FYP_Gesture Recognition Using Deep Learning and Wi-Fi

The final year project is about gesture recognition using deep learning and Wi-Fi, supervised by Junqing Zhang. From September 2022 to April 2023, the project aims to design, build and evaluate a system capable of recognizing five specific sign language words. A platform combining channel state information (CSI) extraction from Wi-Fi signals and classification algorithms was created.

Table of contents

Apparatus_and_software

  • Raspberry Pi 4B
  • AC750 Wi-Fi travel router (model: TL-WR902AC)
  • Two personal computers
  • One ethernet cable
  • Nexmon (For full information about using Nexmon to collect CSI, please check Nexmon)
  • Wireshark
  • Real VNC

Recognition_system_framework

  1. An access point (router) is used as a network bridge between the transmitter computer (Tx) and receiver Pi (Rx) at channel 36 and 20 MHz bandwidth under the 5GHz frequency spectrum.

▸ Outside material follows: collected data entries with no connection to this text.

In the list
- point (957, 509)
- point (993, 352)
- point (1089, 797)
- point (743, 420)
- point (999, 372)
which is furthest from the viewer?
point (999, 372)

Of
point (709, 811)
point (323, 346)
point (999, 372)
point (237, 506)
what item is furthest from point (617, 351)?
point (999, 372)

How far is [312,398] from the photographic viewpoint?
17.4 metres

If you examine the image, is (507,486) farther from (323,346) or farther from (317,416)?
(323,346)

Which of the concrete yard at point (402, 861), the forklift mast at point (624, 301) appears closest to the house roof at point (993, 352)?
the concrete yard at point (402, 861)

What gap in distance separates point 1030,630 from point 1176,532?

    A private router is needed instead of a public router since the public router is unstable and the specific channel it chooses is changeable over time, increasing the difficulty of collecting stable CSI and maintaining consistency. Channel 36 is the only channel that works most time. 20MHz bandwidth and 5GHz spectrum are chosen to avoid unnecessary interference and interruptions.

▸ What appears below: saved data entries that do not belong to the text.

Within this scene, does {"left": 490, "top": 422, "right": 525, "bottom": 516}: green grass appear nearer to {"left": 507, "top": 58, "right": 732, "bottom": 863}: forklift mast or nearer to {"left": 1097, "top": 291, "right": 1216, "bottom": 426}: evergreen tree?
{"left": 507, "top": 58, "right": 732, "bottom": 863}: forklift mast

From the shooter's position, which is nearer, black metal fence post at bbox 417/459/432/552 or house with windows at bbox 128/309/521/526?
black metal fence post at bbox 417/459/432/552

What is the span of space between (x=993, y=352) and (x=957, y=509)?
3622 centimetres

  2. The transmitter is set to ping 100 packets every second by command:

    ping -i 0.01 $IP
    

    where $IP is the current IP address of the access point. The ping command should be run as administrator. Theoretically, higher transmission speed leads to higher accuracy for moving gestures since more CSI packets can be collected in the same period. Hence more subtle differences can be detected for classification.

CSI_collection

Installation

First, finish the set up of Nexmon on the raspberry pi 4B. In addition to official documents, Nexmonster can also be checked for detailed installation guidance.
Notice: for dependencies installation, do not run apt upgrade, that will change the kernel. Only kernels up to version 5.4 are compatible with Nexmon at the time of writing.

Measurement

  1. Activate the wireless card associated with "wlan0" on the raspberry pi and enables the network connection:

    ip link set wlan0 up
    
  2. Use mcp to generate a base64 encoded parameter string that can be used to configure the extractor. The following example call generates a parameter string that enables collection on channel 36 with 20 MHz bandwidth on the first core for the first spatial stream for frames starting with 0x88 originating from $MAC:

    mcp -c 36/20 -C 1 -N 1 -m $MAC -b 0x88
    

    You can also check the full command list with mcp -h.
    Important: -b 0x88 is necessary for collecting real transmission data. Otherwise, weird zeros will occur in the raw CSI pcap file.

  3. Make sure the interface is up:

    ifconfig wlan0 up
    
  4. Configure the extractor using nexutil and the generated parameters (parameters after -v):

    nexutil -Iwlan0 -s500 -b -l34 -vJNABEQGIAQCcPlOPiGIAAAAAAAAAAAAAAAAAAAAAAAAAAA==
    
  5. Enable monitor mode:

    iw dev wlan0 interface add mon0 type monitor
    ip link set mon0 up
    
  6. Collect CSI by listening on UDP socket 5500:

    tcpdump -i wlan0 dst port 5500 -vv -w $file_name -c 155
    

    The raw CSI will be stored in a pcap file called $file_name. -c represents capturing continuously until 155 packets are collected. You can use -i to control the duration.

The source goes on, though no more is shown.